How I Use the Twelve-Factor App Methodology for Building SaaS Applications with Java & Scala

Streamlining the Development to Release Process

Hashmap, an NTT DATA Company

Published in

Hashmap, an NTT DATA Company

10 min readMar 20, 2018

by Jay Kapadnis, Tempus Architect

What is the Twelve-Factor App Methodology?

The Twelve-Factor App Methodology is suggested by developers for smoothly working and delivering Software as a Service (SaaS) Applications or Web Apps with a focus on Microservices. For that reason, for purposes of this discussion, I will be using Service and Application interchangeably.

A Twelve-Factor App as described at 12factor.net will be:

1. Automated from a development perspective
2. Portable across execution environments
3. Deployable in the cloud minimizing the need for servers and server administration
4. Enabled for continuous deployment with minimal divergence between Dev and Prod
5. Scalable without significant change or effort

At Hashmap, we do our best to follow the methodology as much as possible, but reality dictates that sometimes we must deviate a bit due to limitations that are encountered. Regardless, it’s always a best practice to keep the Twelve-Factors top of mind while building SaaS applications and continue to reinforce why they matter.

So let’s explore the Twelve-Factors now…

Codebase

An application codebase should always be tracked by a Version Control System (VCS). Widely popular in the development world is Git, and in today’s world you really can’t find a development team who are not using VCS. It provides substantial benefits such as code tracking and code versioning while also easing the collaboration of a development team working on the same application.

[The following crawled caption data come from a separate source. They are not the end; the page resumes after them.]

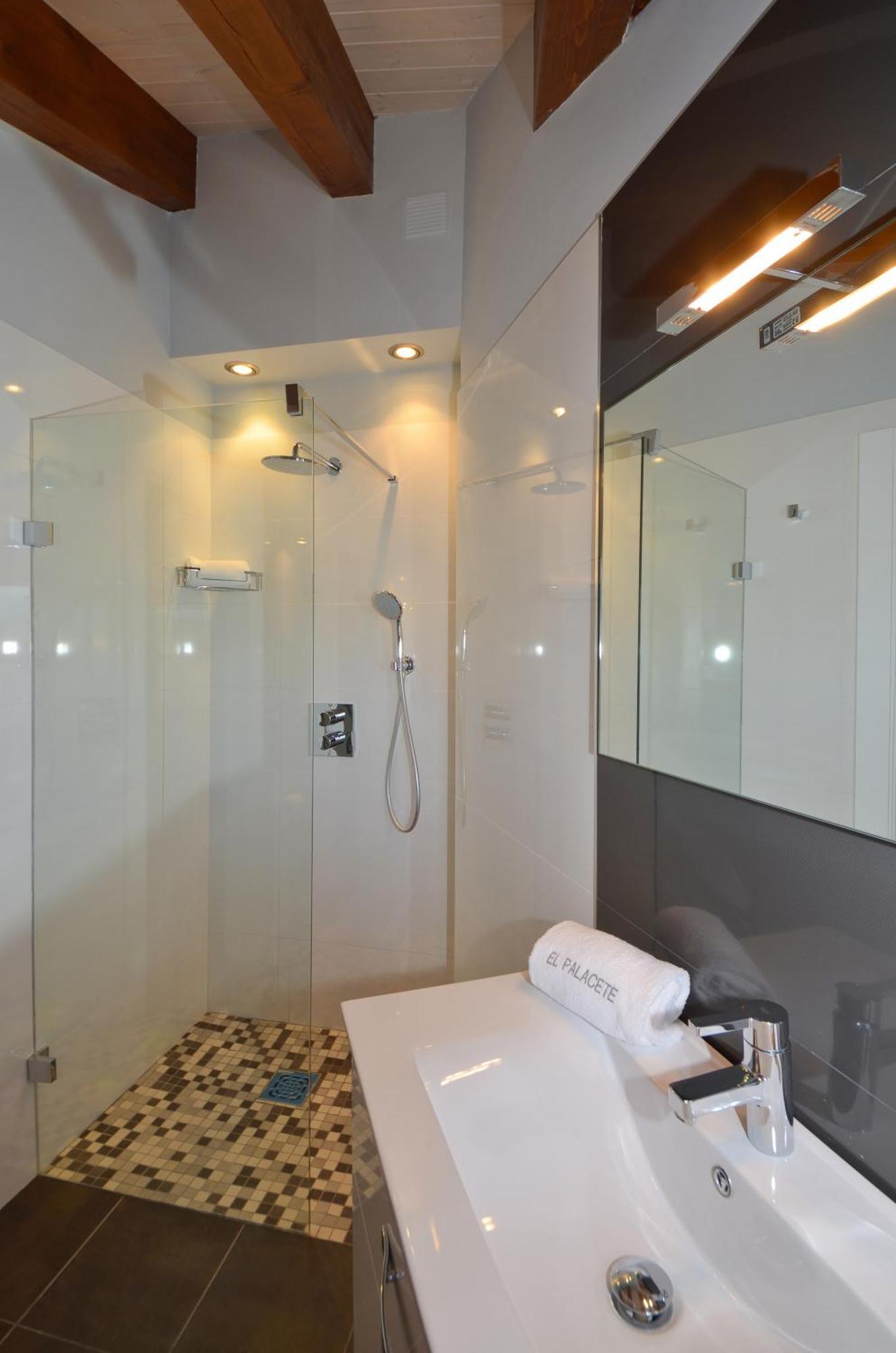 Apartamentos El Palacete De Aínsa Zewnętrze zdjęcie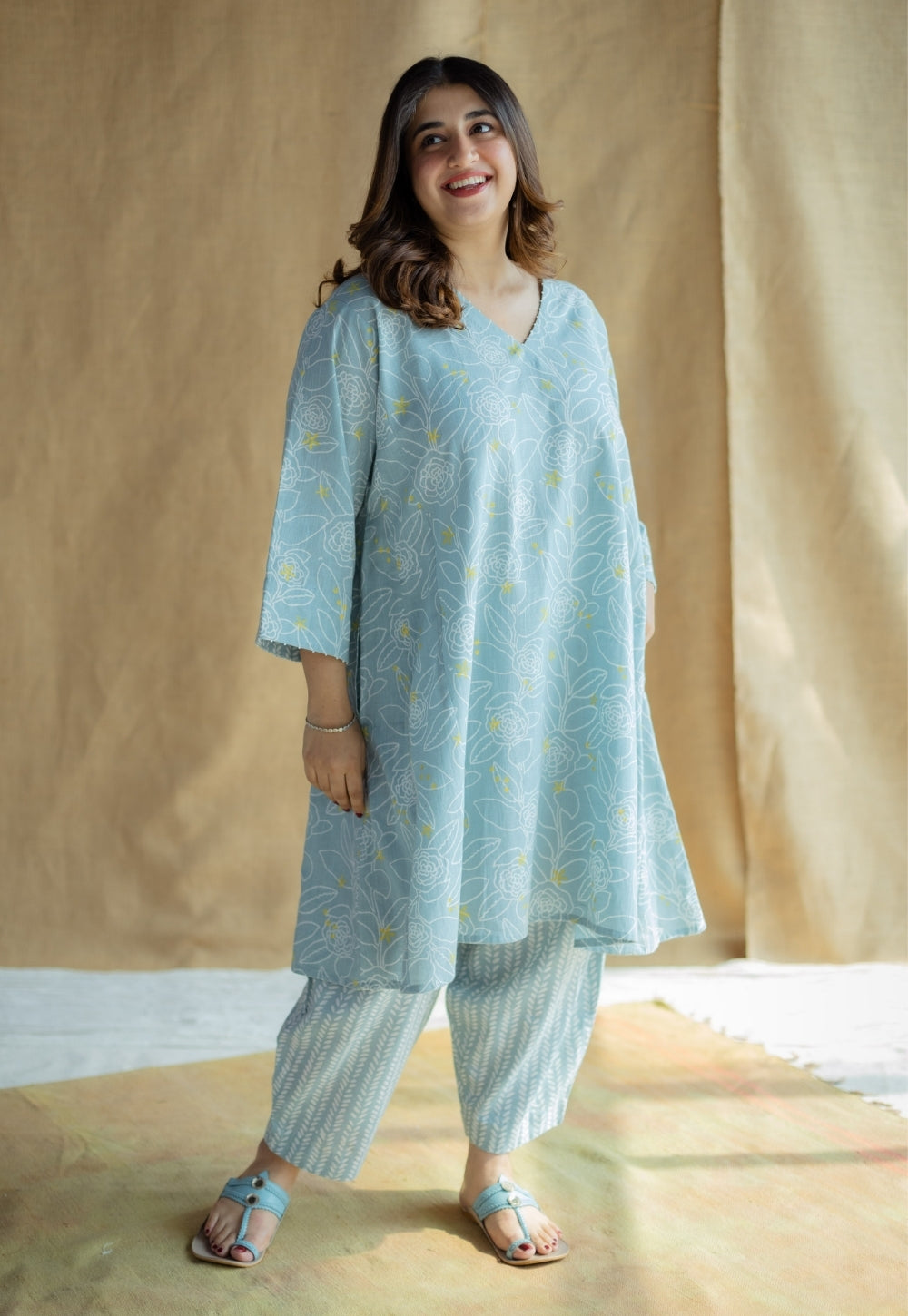 Jazmin Sky Blue Hand Block Print Slub Cotton Anti-Fit Kurta with Hand Embroidery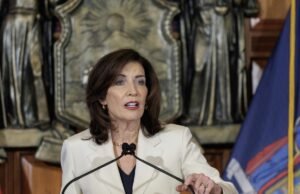 La gran promesa de elección de escuela de Kathy Hochul llega con los dedos cruzados
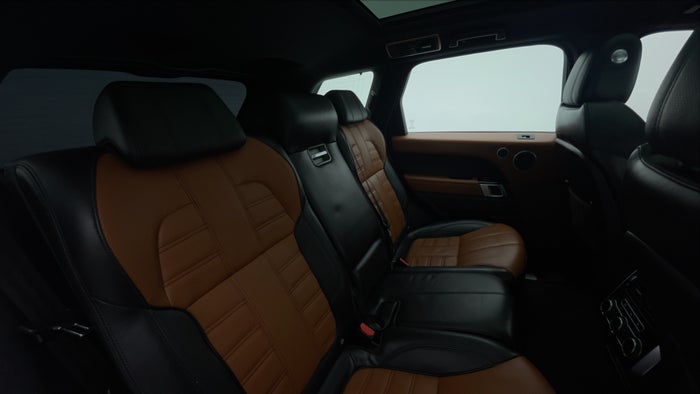 LAND ROVER RANGE ROVER SPORT-Right Side Door Cabin View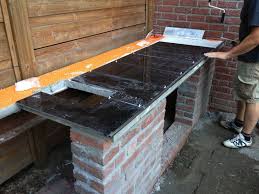 So Gut Wie Fertig In 2020 Mit Bildern Hinterhof Kuche Aussenkuche Aussenkuche Selber Bauen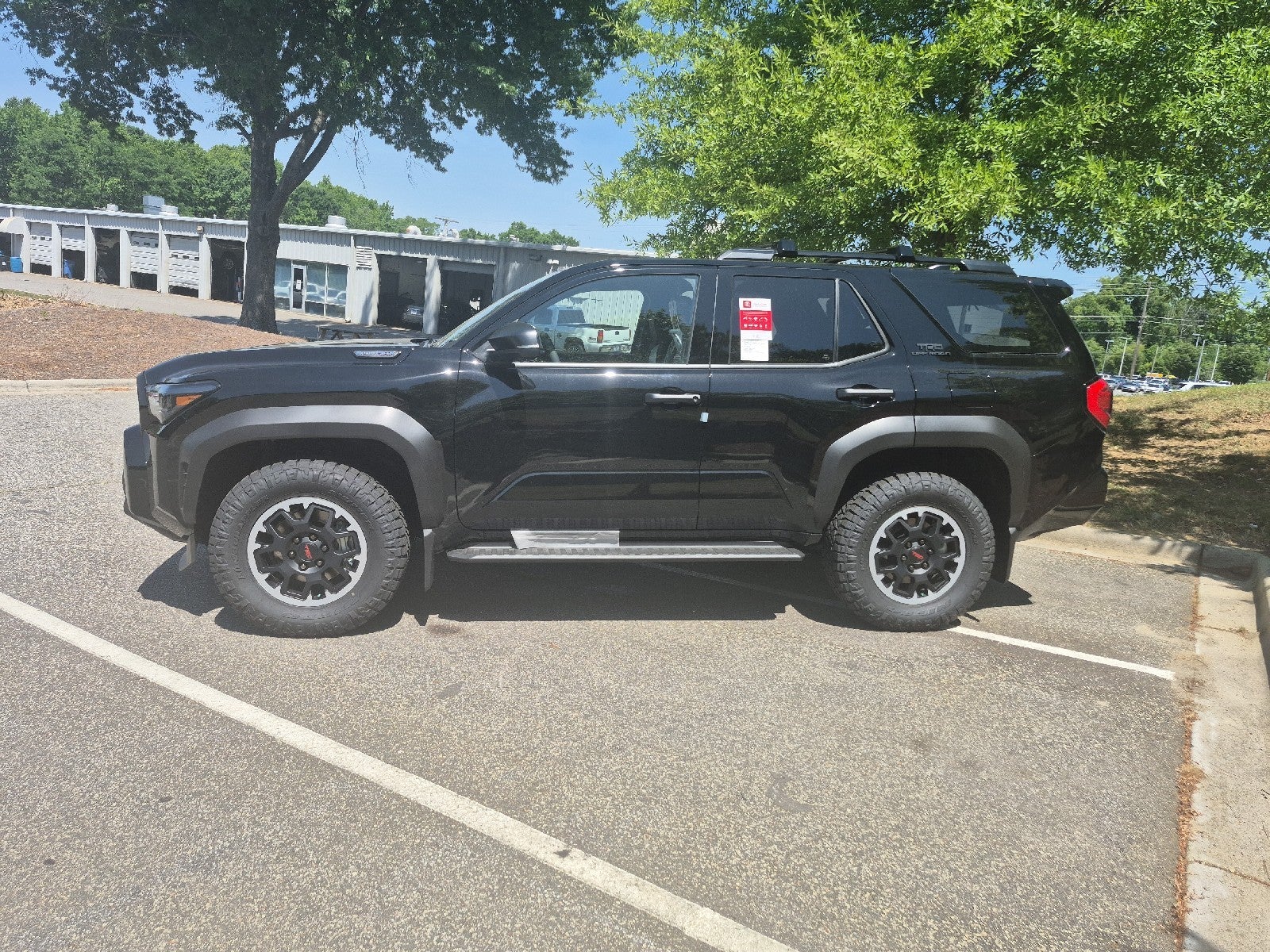 2026 Toyota 4Runner i-FORCE MAX TRD Off-Road Premium i-FORCE MAX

In general, you should always have one repository for an individual application to ease CI/CD pipelines, which we will discuss shortly. That being said, one service can have multiple running instances (official documentation terms it deploys).

Code should not be shared between applications — you can’t add dependencies of deployable services (think Spring Boot or Play applications) on each other. So, if there is common code you want to use across applications, create a repo for that code as a library, publish it to Maven, and integrate using Maven, sbt, Gradle or any other tool you prefer.

There are workflow tools which can help you manage your codebase till release, such as GitFlow (Release Management Workflow). Developers working with Extreme Programming Principles (frequent releases in short development cycles) generally don’t enjoy following these types of release management workflows — it’s an altogether different discussion for another day.

Dependencies

For any application you should not copy any dependencies to the project codebase, rather use dependency management tools to get the required project dependencies, declared in manifest, from the server.

If you consider Maven as dependency management tool, manifest will be pom.xml, which fetches dependencies as jar (artifacts) from various repositories (it’s a Maven repo not a Git repo).

There are times though when you will need to rely on few jars which are declared as a provided scope. In other words, you will need to assume their existence on server like tools.jar from JDK. Always ensure you use the correct versions of dependencies so that all environments are in sync and reproduce the same behavior. I can tell you from experience that it’s a nightmare to track issues that have occurred due to a mismatch in versions of dependencies on different environments.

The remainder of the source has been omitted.